What to do
Among the entries below, retype exactly the lines starting with the one with "Hello everyone, so" and going on through the one with "Mrs. Malik's daughter-in-law", but not the pictures.

Start of Exercise inputs

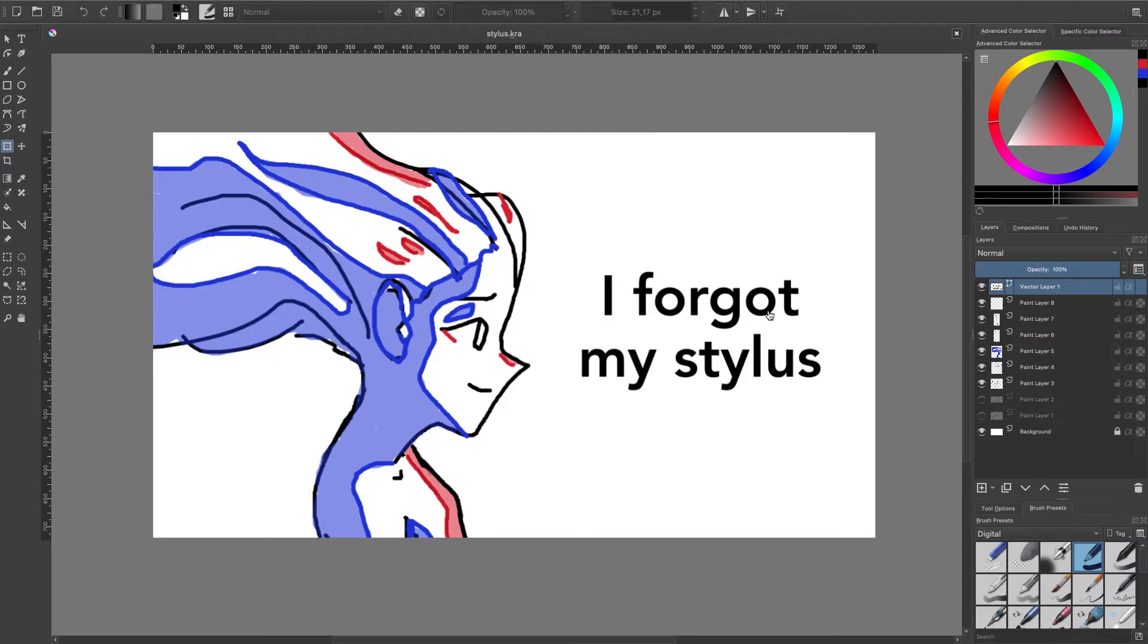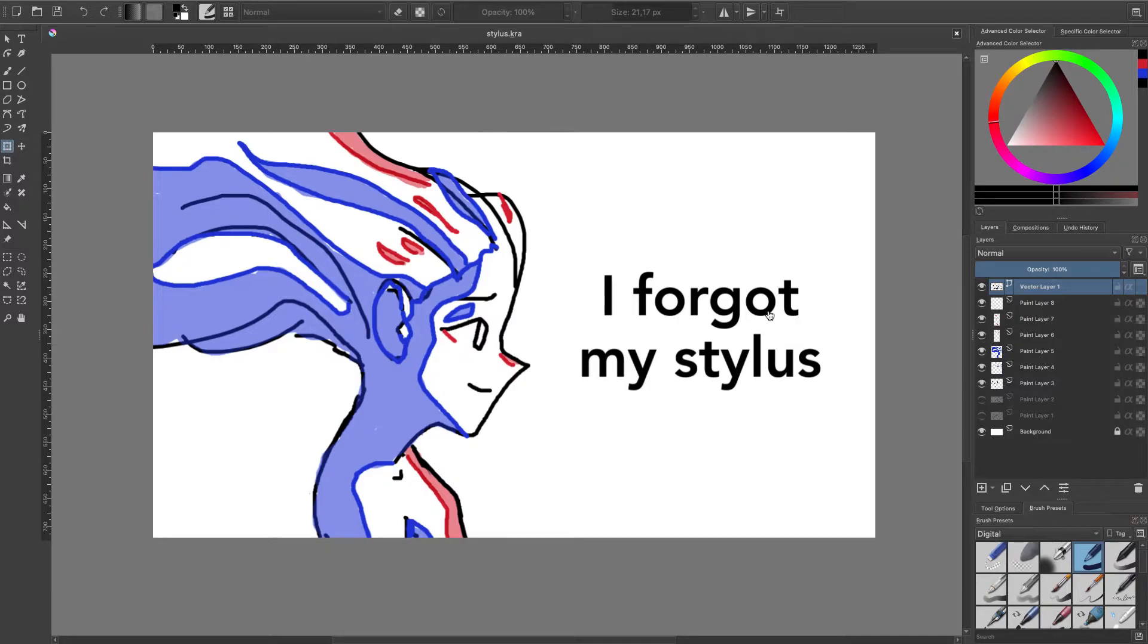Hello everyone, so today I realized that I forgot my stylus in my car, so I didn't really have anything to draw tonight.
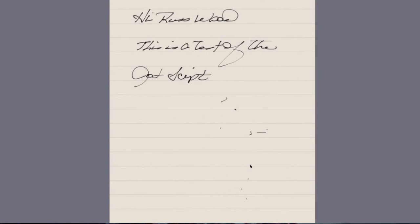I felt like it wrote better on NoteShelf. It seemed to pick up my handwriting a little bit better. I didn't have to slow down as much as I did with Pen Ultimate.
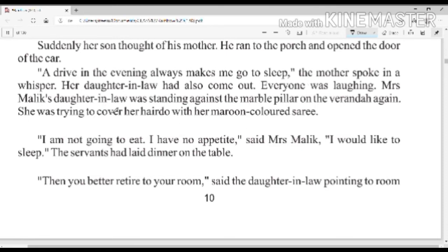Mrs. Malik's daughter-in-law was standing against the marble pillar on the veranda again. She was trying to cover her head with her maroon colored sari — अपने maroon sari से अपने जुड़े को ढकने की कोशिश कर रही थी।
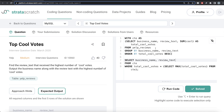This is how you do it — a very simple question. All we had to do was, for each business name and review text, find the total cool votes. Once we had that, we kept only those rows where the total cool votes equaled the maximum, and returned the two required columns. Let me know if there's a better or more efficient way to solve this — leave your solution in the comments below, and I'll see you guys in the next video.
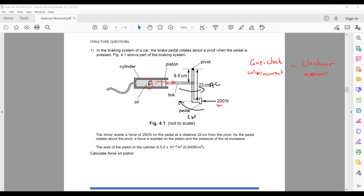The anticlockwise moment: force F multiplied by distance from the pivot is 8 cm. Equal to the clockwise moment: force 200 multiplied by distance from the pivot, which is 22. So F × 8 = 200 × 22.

End of Exercise inputs
Start of Exercise inputs

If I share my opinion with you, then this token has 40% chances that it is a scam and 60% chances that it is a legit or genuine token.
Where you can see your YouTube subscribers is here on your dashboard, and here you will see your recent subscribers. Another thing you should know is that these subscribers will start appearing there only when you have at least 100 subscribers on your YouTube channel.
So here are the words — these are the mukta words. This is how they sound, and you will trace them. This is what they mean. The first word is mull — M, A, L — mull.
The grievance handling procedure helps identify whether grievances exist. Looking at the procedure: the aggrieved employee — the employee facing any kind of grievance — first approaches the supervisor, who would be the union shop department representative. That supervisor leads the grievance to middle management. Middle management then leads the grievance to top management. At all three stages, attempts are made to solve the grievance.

End of Exercise inputs
Start of Exercise inputs

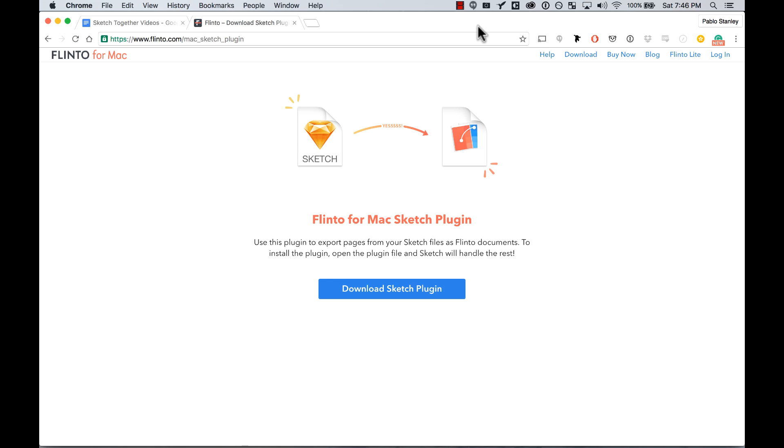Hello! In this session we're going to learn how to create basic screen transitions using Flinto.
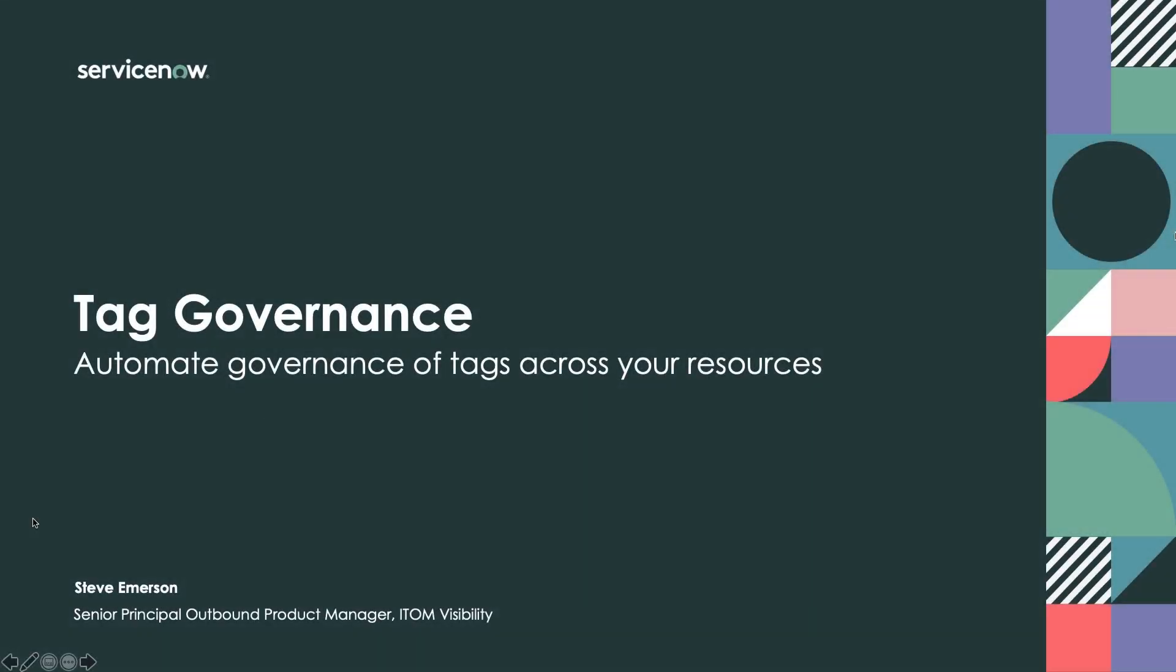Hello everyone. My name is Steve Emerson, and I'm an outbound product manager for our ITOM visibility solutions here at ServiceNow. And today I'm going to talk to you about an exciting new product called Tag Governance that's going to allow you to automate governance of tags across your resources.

End of Exercise inputs

Answer space
Hello everyone, so today I realized that I forgot my stylus in my car, so I didn't really have anything to draw tonight.
I felt like it wrote better on NoteShelf. It seemed to pick up my handwriting a little bit better. I didn't have to slow down as much as I did with Pen Ultimate.
Mrs. Malik's daughter-in-law was standing against the marble pillar on the veranda again. She was trying to cover her head with her maroon colored sari — अपने maroon sari से अपने जुड़े को ढकने की कोशिश कर रही थी।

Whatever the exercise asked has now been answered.